I had a similar experience, one time, in graduate school, walking home at night, close to 20 years ago. It lasted from my packing up at the library, the entire walk home, and briefly in my tiny apartment, before fading, and then it was gone, and it was back to the mundane. Transcendent is the obvious word to reach for. I do not remember in particular where this feeling of understanding came from because I fail to remember a single "object" or concept or anything else, I understood. But it was undoubtedly a feeling of understanding. Looking back, I am tempted to dismiss it as a mixture arrogance, longing, loneliness, and the chemicals lining up in such a way that I felt different that one time. But I think that's unfair to my 22 year old self.

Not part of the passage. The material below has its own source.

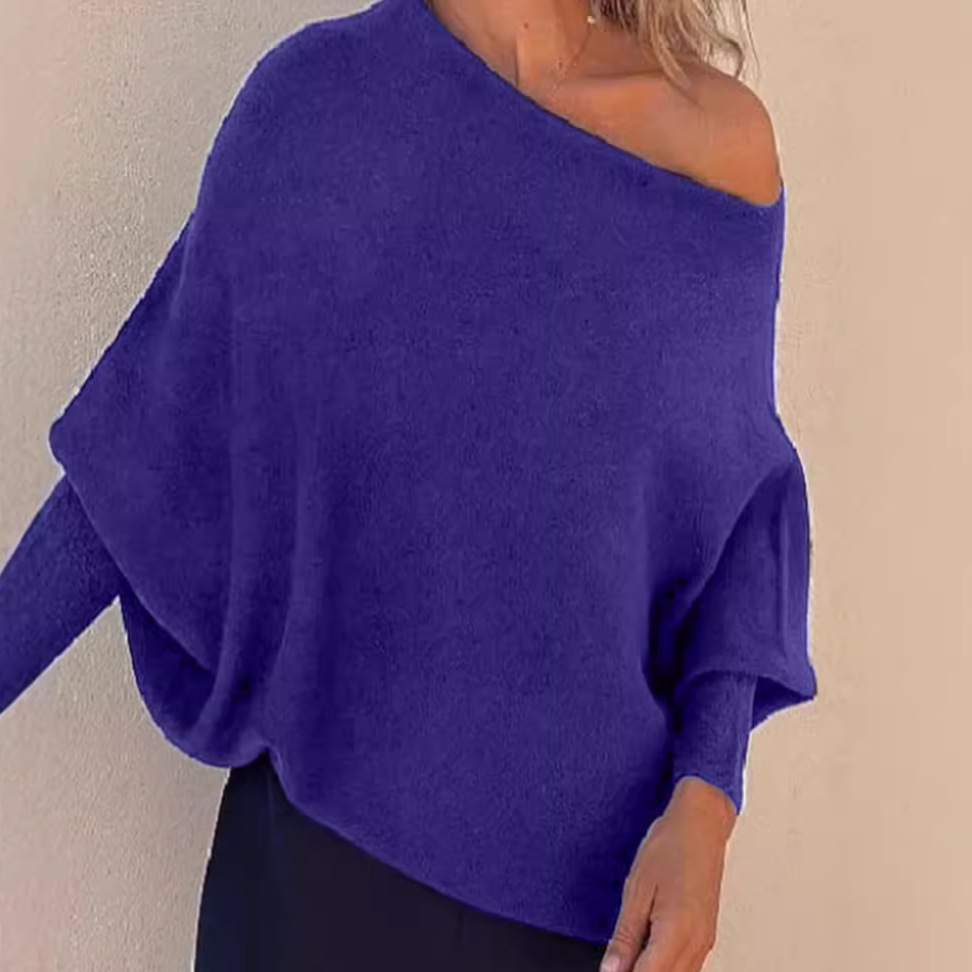 Knit Batwing Sweater Long Sleeve Off Shoulder Pullover SSU-00042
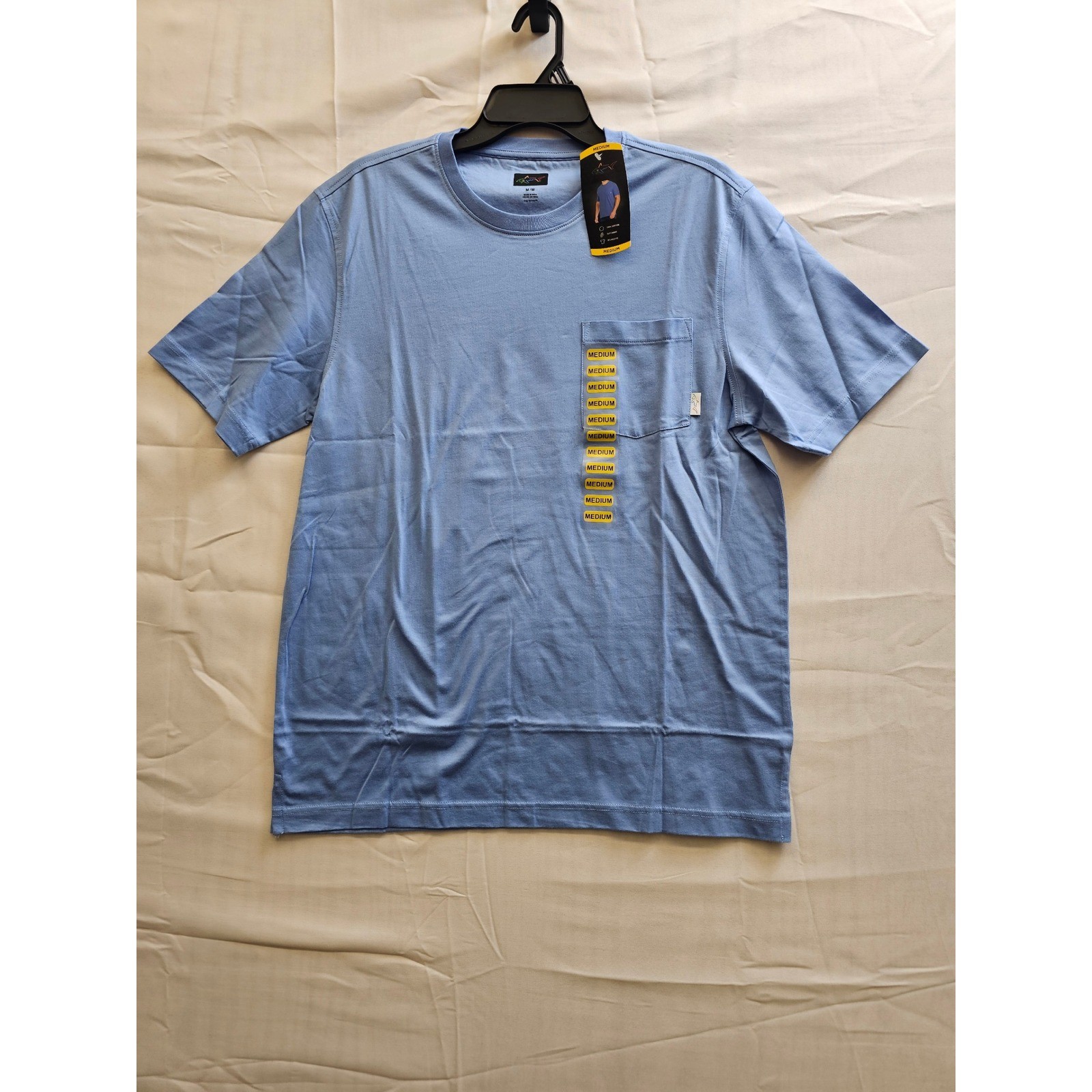 Greg Norman Mens Blue Cotton Short Sleeve Pocket T-Shirt Relaxed Fit Medium NWT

I've had other transcendent experiences, particularly with the my two children, when they were born, as they grow, but of a different flavor. Or when running on fumes trying to finish a marathon in a city I had memories in when I was younger (there, it is more clearly caused by chemicals). I couldn't tell you whether these experiences are different in kind or degree, but I learn toward "in kind," but don't make me justify it.

It's tempting to reach for this or that concept to make sense of it. To evoke "phenomenology" or whatever.

What I am confident of is that it did seem to "matter." I couldn't document how other than it provided some near-term fuel to keep going. But it mattered, and the feeling returns in meta form, thinking about the feeling, like when writing this comment.